Food can be divisive on Twitter, but at Shaheen Bagh, and other protest sites across India, shared meals strengthen bonds, and communities

The smell of freshly brewed tea is in the air at Delhi’s Shaheen Bagh. An old man pushes a cart of guavas past us. “₹10 a kilo,” he announces. Surprised by the low price, we buy a batch and pay him a little more. He shakes his head and returns the excess cash — this isn’t all about business.

This is about solidarity. Unity is the overriding sentiment here, solidified through shared meals of omelettes, biryani, puri-sabzi and tea.

For nearly two months, the women of Shaheen Bagh have been sitting inside a tent at one end of G. D. Birla Marg, in protest against the Citizenship Amendment Act (CAA) and National Register of Citizens (NRC).

The protesters — men, women and children — occupy most of the highway, their numbers extending up to 10,000 or more on certain days. Feeding this mighty crowd is not an easy task, but this community-led agitation has organised itself for the purpose.

“Every day, we have well-wishers coming up to the stage, and asking us what the situation is like for tonight’s dinner, or tomorrow’s lunch, and then we tell them how many plates we need, and how many have been arranged so far,” says Hena Ahmed, a volunteer. People from the area arrange these meals, either preparing small batches in their households, or mostly, coordinating with restaurants.

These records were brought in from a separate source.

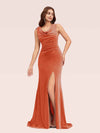 Sexy Open Back Velvet Cowl Side Split Long Mermaid Bridesmaid Dresses Online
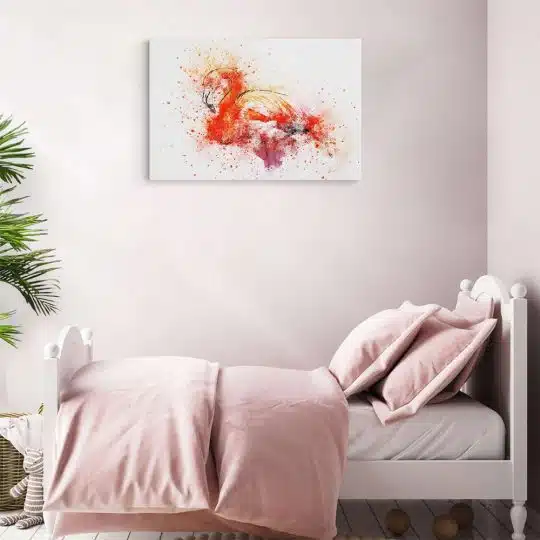 Tablou canvas pasare flamingo acuarela alb roz portocaliu 1185 camera copii mic - Afis Poster pasare acuarela pentru living casa birou bucatarie livrare in 24 ore la cel mai bun pret.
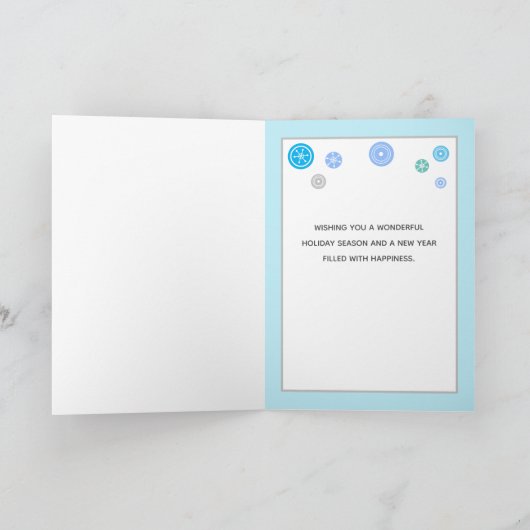 Moderne Sneeuwvlok Personaliseer Naam Kerstkaart Feestdagen Kaart (Binnen)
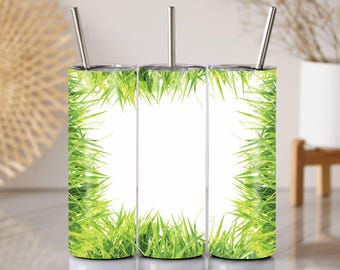 Envoltura para vaso de hierba verde PNG: Diseño de sublimación de 20 oz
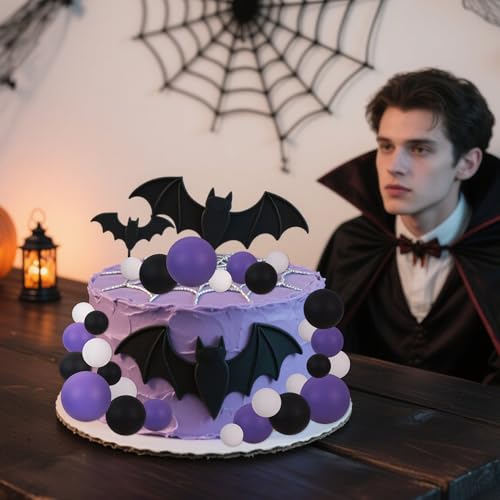 40 pcs Foam Ball Halloween Cake Toppers with Sticks Perfect for Graduation Halloween Cake Decor Birthday Graduation Congrats 2026 Cake Decoration Wednesday Theme Party (40 Count)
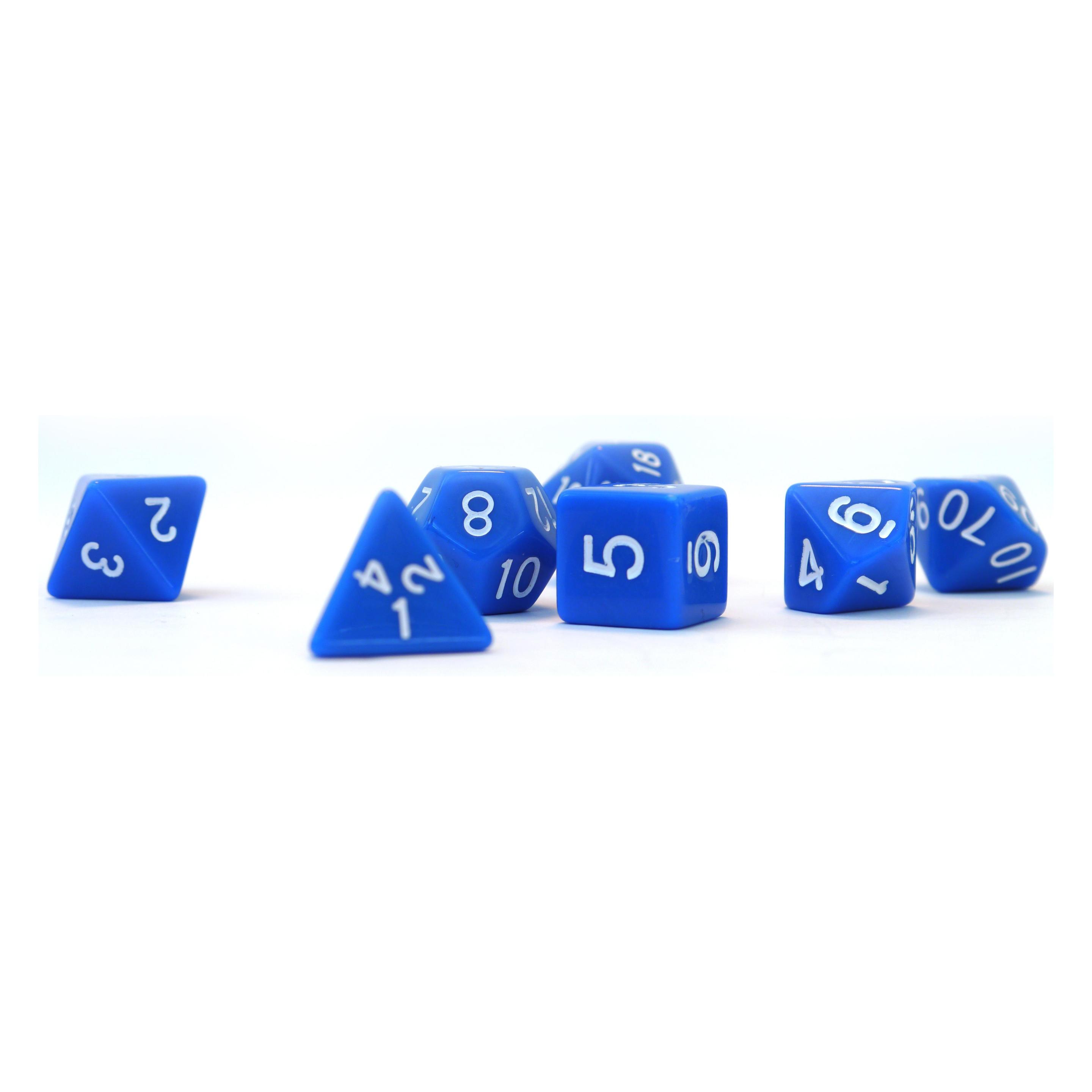Dice4friends Würfelset Opaque: Blue/White (7) (DIC86048)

Anti-CAA/NRC: How tea unites the protesters

Some women are fasting as a way of protest, and they break their fast in the evening with samosas and chai. Mealtimes are hectic for the volunteers, they move in and out of the tent, making sure everyone has had something to eat. Outside, men line up to receive plates of puri and aloo.

“One person can’t feed everyone here, so we have mixed items — some get biryani, some pulao. Our Sikh brothers have also set up a langar here,” says Humera Sayad, another volunteer. The langar was set up by a farmer’s union from Punjab.

“All of us take up different responsibilities, but it’s not like one person will permanently be doing one job. If I get tired, somebody else will take over,” says Humera.

There is an unofficial ‘kitchen department’ to arrange for the food, “but if there are packets of biscuits or such smaller items, whoever is around will distribute them.”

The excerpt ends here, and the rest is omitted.